Из этого отступления, к которому меня восемнадцать лет назад привели ханжество и приспособленчество, свидетелем которых я тогда был, хотя они и не были тогда так процветающи, как сейчас, я возвращаюсь к той части моего учения, которую подтвердил доктор Брандис, хотя он и не был ее автором, чтобы добавить несколько пояснений, с которыми я затем свяжу некоторые дальнейшие подтверждения, полученные ею с тех пор от физиологии.

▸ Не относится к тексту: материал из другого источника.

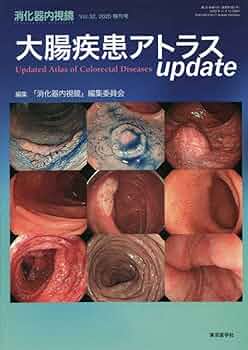 消化器内視鏡 (Vol.30 (2018 増刊号)) 02221300.jpg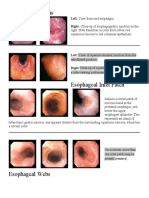 Esophageal Atlas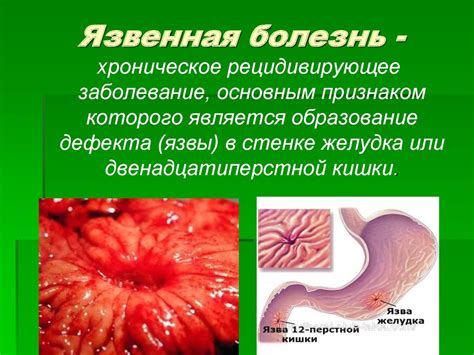 Язвенная болезнь желудка и двенадцатиперстной кишки - презентация онлайн
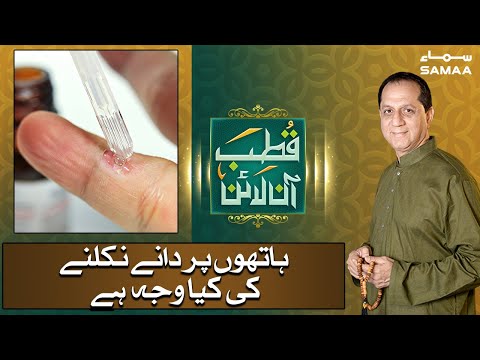 Hathon mein daanay nikalne ki kia waja | How to Get Rid of Warts on Palms |Qutb Online | SAMAA TV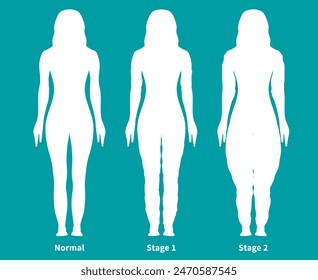 Teal Lipedema Silhouette Illustration with Woman with Normal and Lipedema Stages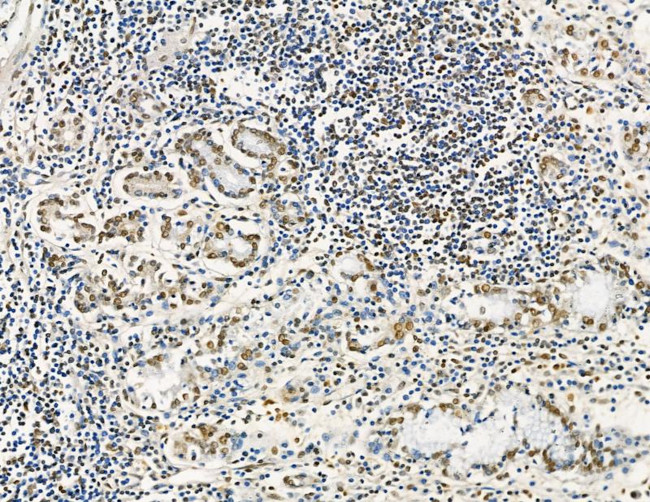 GTF2H4 Antibody in Immunohistochemistry (Paraffin) (IHC (P))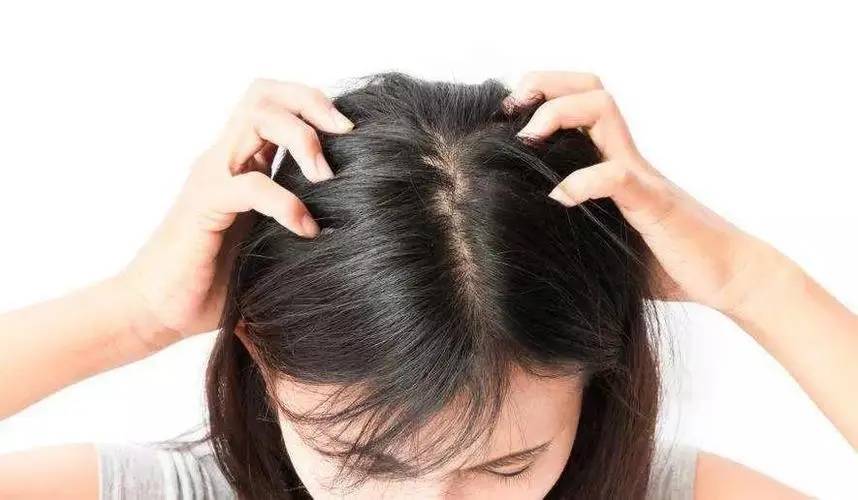 总是掉头发怎么办 5个小方法能拯救你的发际线
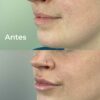 Perfilado y Aumento de Labios - Imagen 2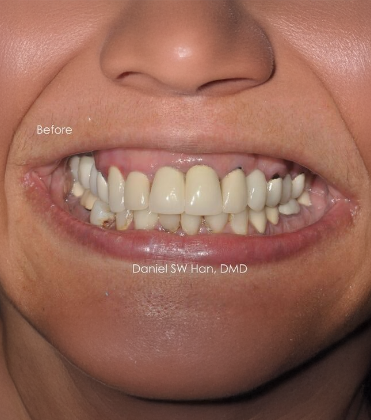 Smile Designer of Leesburg patient before full mouth reconstruction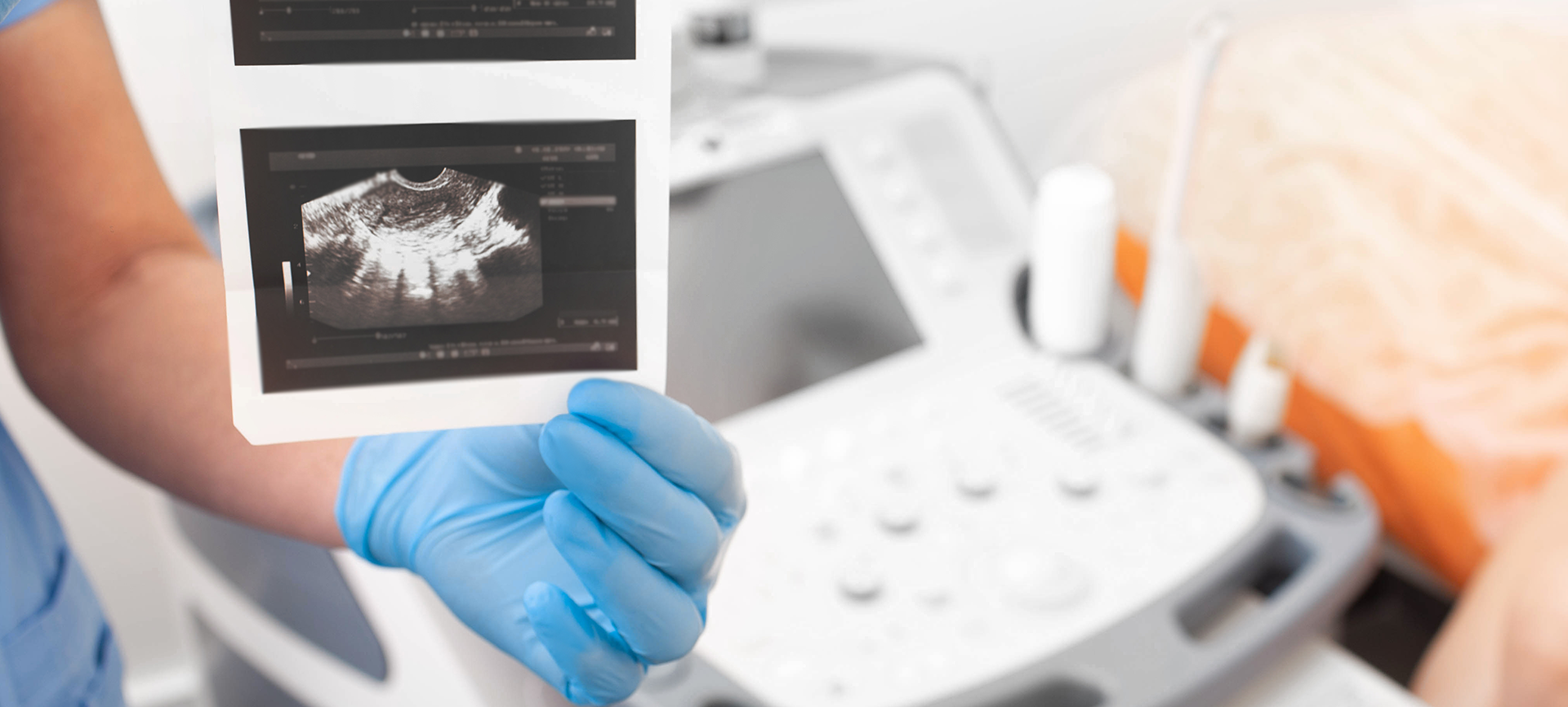 Ultrassonografia na investigação da infertilidade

Три предположения, которые критикуются Кантом в его «Трансцендентальной диалектике» под названием идей разума и которые вследствие этого были отброшены в теоретической философии, всегда стояли на пути к более глубокому пониманию природы, пока этот великий мыслитель не произвел полный переворот в философии. Эта предполагаемая идея разума, душа — то метафизическое существо, в котором абсолютным единством были связаны и слиты знание и воление в вечное, неразделимое единство, — была препятствием такого рода для предмета этой главы. Пока она существовала, никакая философская физиология была невозможна: тем более что ее коррелят, реальная, чисто пассивная материя, также должен был обязательно предполагаться вместе с ней как субстанция тела. Именно эта идея разума, душа, поэтому заставила знаменитого химика и физиолога Георга Эрнста Шталя в начале прошлого века упустить открытие истины, к которой он так близко подошел и которой достиг бы вполне, если бы смог поставить то, что является единственно метафизическим, — чистую волю, еще без интеллекта, — на место anima rationalis. Под влиянием этой идеи разума, однако, он не мог учить ничему иному, кроме того, что именно эта простая, разумная душа строит себе тело, всеми внутренними органическими функциями которого она управляет и которые выполняет, однако не имеет знания или сознания обо всем этом, хотя знание является фундаментальным назначением и, так сказать, субстанцией ее бытия. В этом учении было нечто абсурдное, что делало его совершенно несостоятельным. Оно было вытеснено раздражительностью и чувствительностью Галлера, которые, конечно, понимаются в чисто эмпирическом смысле, но, чтобы восполнить это, являются также двумя qualitates occultæ, на которых заканчивается всякое объяснение. Движение сердца и кишечника теперь приписывалось раздражительности. Но anima rationalis все еще оставалась в нетронутой чести и достоинстве как гость в доме тела. — «Истина лежит на дне колодца», — сказал Демокрит; и века со вздохом повторяли его слова. Но неудивительно, если она получает щелчок по пальцам, как только пытается выбраться наружу!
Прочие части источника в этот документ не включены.